While the West's security forces and media continue to obsess over fundamentalist terrorism, gradually, vile outrage after vile outrage, they have finally started to turn their attention to far right extremism (The Purge series: pods 167 and 219, Bushwick: pod 188). But the likeliest doomsday scenario I envision isn't those or zombies or aliens, but stems from wealth inequality.

As a pacifistic person, from the moderate left green-tinged political spectrum, it is worrying that wealth inequality manages to enrage me so often. If it angers me, what is it doing to those stricken down with actual poverty or homelessness? #EatTheRich is an increasingly trending hashtag on Twitter (and a great Motorhead song).

How far do people have to be pushed, while the ultra-rich, with their tax breaks and tax avoidance schemes and stashed freeport art, driving home prices into the stratosphere with portfolio diversification/money laundering schemes (sorry, I should have said alleged), who are too rich to ever spend their money fast enough; thus sucking the filthy lucre out of circulation by hoarding wealth (contradicting that oft said bullshit about how the wealthy create wealth), leading to the wholesale deforming of economies, while they, particularly the tech bros, build their wilderness redoubts? Which, by the way, is incredibly stupid, unless you like painting a huge target for the rampaging mob that says, "here I am."

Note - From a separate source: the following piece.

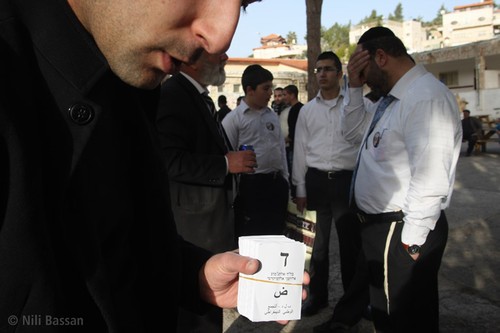 10/ - Israele 2013. Il falco sotto assedio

Massive armed revolution is what I fear, but will not become the subject of any fiction I write, more than in short form. You see, I am a perhaps naive utopianist, who wants the future to be better in ways that don't involve the apocalyptic balloon going up first. I want a Star Trek future without the World War III that precedes it.

Housekeeping

Saying my podcast is going to have these exact sections; in this format, and not put this or that in the episode description is tying my own hands behind my back, so forget all I said before.

I will, however, try to remain mostly in the realm of SFFH and closely related topics from now on.